(Web page caption snippets)
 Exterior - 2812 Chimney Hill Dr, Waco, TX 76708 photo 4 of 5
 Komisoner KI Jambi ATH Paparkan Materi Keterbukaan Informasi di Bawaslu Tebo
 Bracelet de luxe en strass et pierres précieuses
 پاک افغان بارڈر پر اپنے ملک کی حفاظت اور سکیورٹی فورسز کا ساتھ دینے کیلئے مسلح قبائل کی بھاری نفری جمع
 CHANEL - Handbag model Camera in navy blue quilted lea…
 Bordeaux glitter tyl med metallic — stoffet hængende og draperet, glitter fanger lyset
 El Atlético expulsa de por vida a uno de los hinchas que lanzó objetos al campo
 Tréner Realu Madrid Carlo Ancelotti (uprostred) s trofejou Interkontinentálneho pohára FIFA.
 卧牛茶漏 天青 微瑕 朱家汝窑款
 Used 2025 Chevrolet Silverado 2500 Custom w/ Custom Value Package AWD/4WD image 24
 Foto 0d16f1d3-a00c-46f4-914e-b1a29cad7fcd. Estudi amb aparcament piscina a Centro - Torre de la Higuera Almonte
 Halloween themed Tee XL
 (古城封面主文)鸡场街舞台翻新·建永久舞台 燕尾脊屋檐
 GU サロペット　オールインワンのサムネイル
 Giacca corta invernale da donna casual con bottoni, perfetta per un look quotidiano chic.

> _WHAT YOU HAVE TO DO_
All entries are to be printed once more, exactly as given.

> _RESULT FOR THIS EXERCISE_
 Exterior - 2812 Chimney Hill Dr, Waco, TX 76708 photo 4 of 5
 Komisoner KI Jambi ATH Paparkan Materi Keterbukaan Informasi di Bawaslu Tebo
 Bracelet de luxe en strass et pierres précieuses
 پاک افغان بارڈر پر اپنے ملک کی حفاظت اور سکیورٹی فورسز کا ساتھ دینے کیلئے مسلح قبائل کی بھاری نفری جمع
 CHANEL - Handbag model Camera in navy blue quilted lea…
 Bordeaux glitter tyl med metallic — stoffet hængende og draperet, glitter fanger lyset
 El Atlético expulsa de por vida a uno de los hinchas que lanzó objetos al campo
 Tréner Realu Madrid Carlo Ancelotti (uprostred) s trofejou Interkontinentálneho pohára FIFA.
 卧牛茶漏 天青 微瑕 朱家汝窑款
 Used 2025 Chevrolet Silverado 2500 Custom w/ Custom Value Package AWD/4WD image 24
 Foto 0d16f1d3-a00c-46f4-914e-b1a29cad7fcd. Estudi amb aparcament piscina a Centro - Torre de la Higuera Almonte
 Halloween themed Tee XL
 (古城封面主文)鸡场街舞台翻新·建永久舞台 燕尾脊屋檐
 GU サロペット　オールインワンのサムネイル
 Giacca corta invernale da donna casual con bottoni, perfetta per un look quotidiano chic.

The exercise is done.